* _Supplied information_
========================================
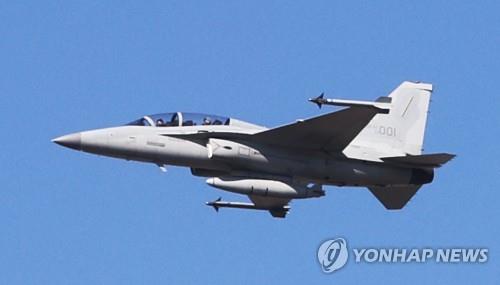 La foto de archivo, tomada el 20 de octubre de 2021, muestra el avión de ataque ligero FA-50 volando sobre la ciudad de Seongnam, al sur de Seúl.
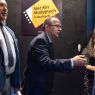 Prof. Jazdon i prof. Kaźmierczak witają gości przybyłych na premierę.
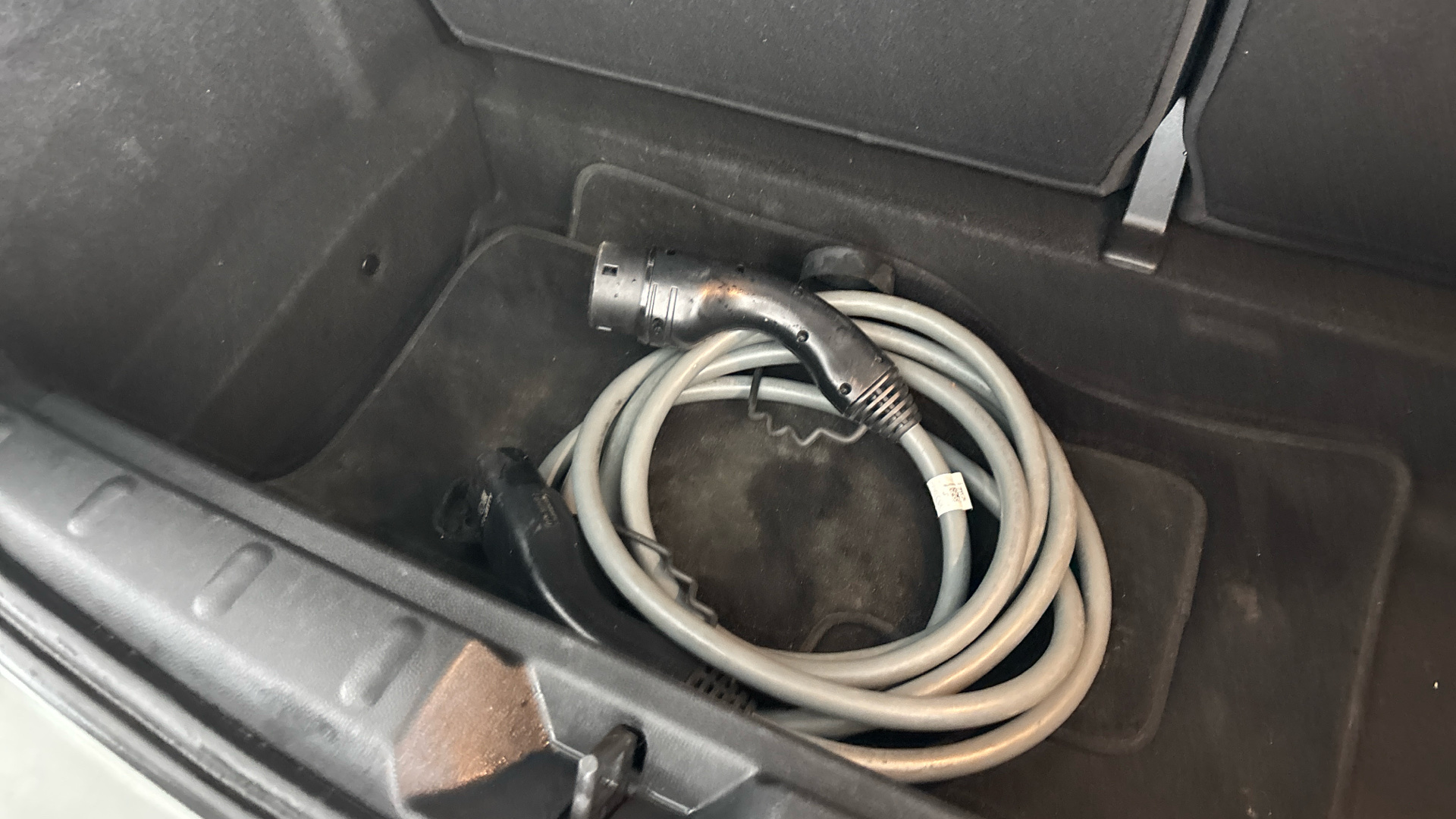 4060166 135kW Cooper S Level 1 33kWh 3dr Auto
========================================
Reproduce the data exactly as it appears above. Pictures are to be left out.

* _Output for this task_
 La foto de archivo, tomada el 20 de octubre de 2021, muestra el avión de ataque ligero FA-50 volando sobre la ciudad de Seongnam, al sur de Seúl.
 Prof. Jazdon i prof. Kaźmierczak witają gości przybyłych na premierę.
 4060166 135kW Cooper S Level 1 33kWh 3dr Auto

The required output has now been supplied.